The problems surrounding the question of women in leadership roles might stem in part from the privatization of the Church. If the Church operates merely in the ‘feminine’ private realm and not in the ‘masculine’ public realm, we should not be surprised to see a push for woman leadership. If the Church is a just a club composed of individuals who have a personal ‘conversion experience’ in common, the opposition to woman leadership does not make so much sense. Women can inspire people in their personal spiritual life and give them spiritual guidance (read ‘advice’) for their private relationship with God just as well as men. They can emote at people just as well as men. For all too many people, this is all that a pastor is really expected to do.

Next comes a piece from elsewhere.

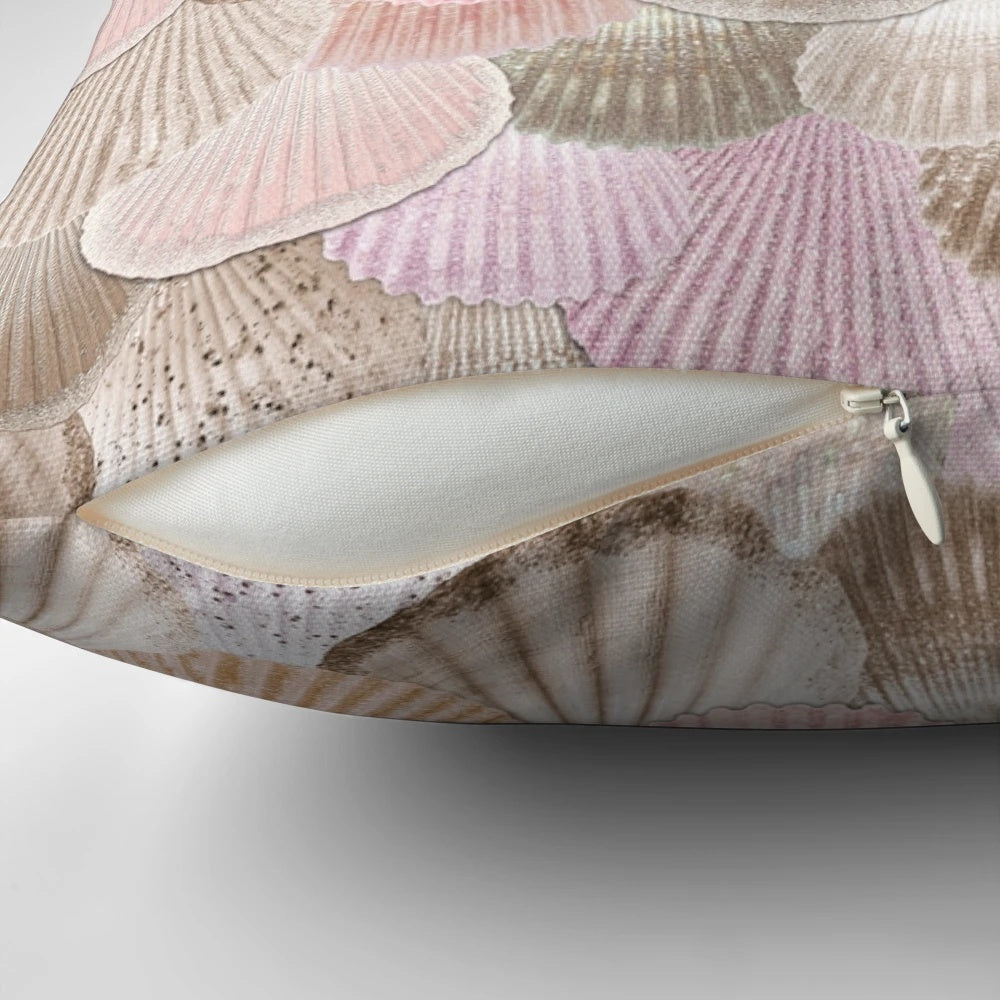 Rose gold mermaid shell decorative throw pillow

As the Church has withdrawn from the public realm — creating a secular space in its wake — the biblical prohibition on woman leadership has become increasingly problematic. Most people today approach worship as a private leisure activity. As public worship is increasingly reduced to the exercise of purely privatized (and feminized) spirituality, the gender distinctions that are more prominent in the public realm slowly recede into the background. Whilst there are certainly numerous exceptions to these rules, we should recognize that, as the Christian faith is sentimentalized and removed from the public realm, feminine forms of leadership will be emphasized over masculine forms. Even if we bar women from leadership of churches, we will have effeminate men. I believe that only by resituating the Church in the public realm will the prohibition on women teaching and exercising authority begin to make more sense. When we flesh out the fact that the Church is more than a collection of individuals but is fundamentally a body with a relational and hierarchical structure, the problems with women’s teaching will become more apparent.